On Wed, Apr 24, 2019 at 8:49 AM Gregory Farnum <gfarnum@xxxxxxxxxx> wrote:
>
> Hello Travis, all,
> I’ve been looking at the interfaces our ceph-qa-suite tasks expect
> from the underlying teuthology and Ceph deployment tasks to try and
> 1) narrow them down into something we can implement against other
> backends (ceph-ansible, Rook, DeepSea, etc)
> 2) see how those interfaces need to be adapted to suit the differences
> between physical hosts and kubernetes pods.
>
> Some very brief background about teuthology: it expects you to select
> a group of hosts (eg smithi001, smithi002, to map those hosts to
> specific roles (eg a host with osd.1, mon.a, client.0 and another with
> osd.2, mon.b, client.1, client.2), and to then run specific tasks
> against those configurations (eg install, ceph, kclient, fio).  (Those
> following along at home who want more details may wish to view one of
> the talks I’ve given on teuthology, eg
> https://www.youtube.com/watch?v=gj1OXrKdSrs .)
>

After you select the hosts, will this involve setting up kubernetes
before deploying Rook? Or will the hosts be from a pool that already
have Kubernetes running?

It is possible to tell rook which nodes to use for which daemons if
desired. See the "placement" configuration settings in the
cluster.yaml. Basically it requires setting a Kubernetes label on the
node, then specifying the label(s) in the cluster.yaml.
https://rook.io/docs/rook/master/ceph-cluster-crd.html#placement-configuration-settings

> The touch points between a ceph-qa-suite task and the remote hardware
> are actually not a very large interface in direct function terms, but
> some of the functions are very large themselves so we’ll need to
> rework them a bit.

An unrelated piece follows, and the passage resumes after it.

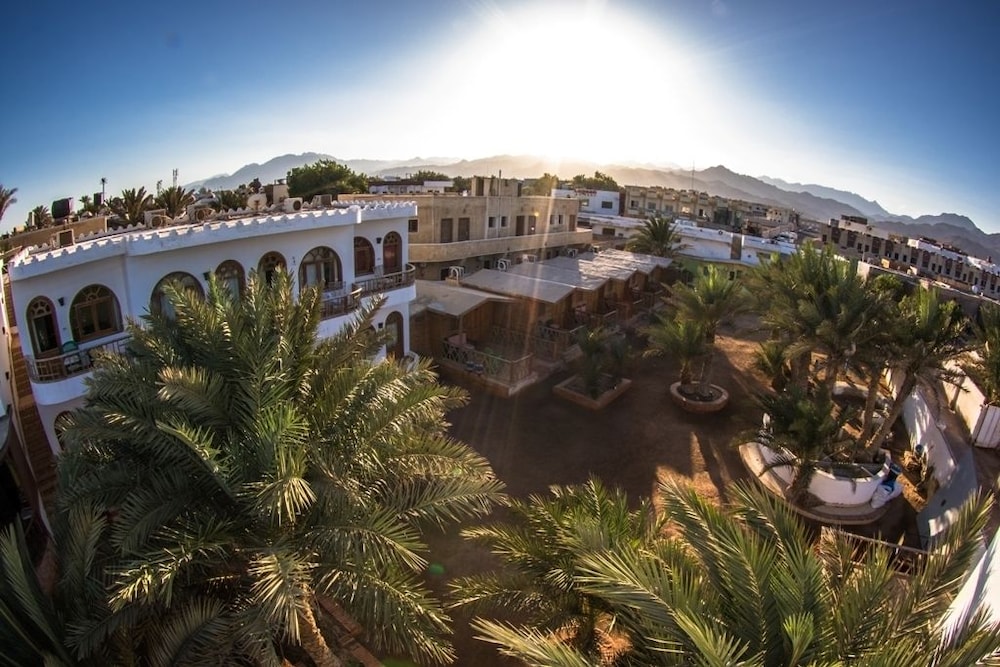 Shams Hotel &amp; Dive Centre 1/34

I’ve taken pretty extensive notes at
> https://pad.ceph.com/p/teuthology-rook, but I’ll summarize here.
>
> The important touch points are 1) the “install” task, 2) the “ceph”
> task, and 3) the “RemoteProcess” abstraction.
>
> The install task
> (https://github.com/ceph/teuthology/blob/master/teuthology/task/install/__init__.py)
> is actually not too hard in terms of follow-on tasks. Its job is
> simply to get the system ready for any following tasks. In raw
> teuthology/ceph-qa-suite this includes installing the Ceph packages
> from shaman, plus any other special pieces we need from our own builds
> or the default distribution (Samba, python3, etc). Presumably for Rook
> this would mean setting up Kubernetes (Vasu has a PR enabling that in
> teuthology at https://github.com/ceph/teuthology/pull/1262) — or
> perhaps pointing at an existing cluster — and setting configurations
> so that Rook would install container images reflecting the Ceph build
> we want to test instead of its defaults. (I’m sure these are all very
> big tasks that I’m skipping over, but I want to focus on the
> teuthology/qa-suite interfaces for now.)
>

Once Kubernetes is started, starting Rook should be as "simple" as
creating the needed manifests such as common.yaml, operator.yaml, and
cluster.yaml. The cluster.yaml is where you will need to modify the
settings for how to launch the Ceph daemons. For example, you can set
which ceph image to launch. The default examples only show released
images such as ceph/ceph:v14, but you can insert any container build
of ceph here. Also you can specify how many mons, on which nodes you
want the daemons placed, what devices to use for OSDs (or all
devices), etc.
https://github.com/rook/rook/tree/master/cluster/examples/kubernetes/ceph

> The ceph task itself
> (https://github.com/ceph/ceph/blob/master/qa/tasks/ceph.py) is pretty
> large and supports a big set of functionality. It’s responsible for
> actually turning on the Ceph cluster, cleaning up when the test is
> over, and providing some validation. This includes stuff like running
> with valgrind, options to make sure the cluster goes healthy or scrubs
> at the end of a test, checking for issues in the logs, etc. However,
> most of that stuff can be common code once we have the right
> interfaces. The parts that get shared out to other tasks are 1)
> functions to stop and restart specific daemons, 2) functions to check
> if a cluster is healthy and to wait for failures, 3) the “task”
> function that serves to actually start up the Ceph cluster, and most
> importantly 4) exposing a “DaemonGroup” that links to the
> “RemoteProcess” representing each Ceph daemon in the system. I presume
> 1-3 are again not too complicated to map onto Rook commands we can get
> at programmatically.
>

Depending on the action, there are a few ways to approach running the commands:
- Restarting daemons: 'kubectl delete <pod>`
- To check for rook operator health status, you can query the "status"
section of the CephCluster CR: `kubectl get cephcluster rook-ceph -o
yaml`.
- To run any ceph command, it's recommended to do this from the "rook
toolbox" pod. Then you can connect to the pod such as: 'kubectl exec
-it <pod> -- ceph status`. See
https://rook.io/docs/rook/master/ceph-toolbox.html
- You could also connect directly to any of the daemon pods with the
`kubectl exec`, although the ceph.conf isn't always setup in the
default location in those pods. And note that if you change any config
inside the pod it will be lost when you restart the daemon.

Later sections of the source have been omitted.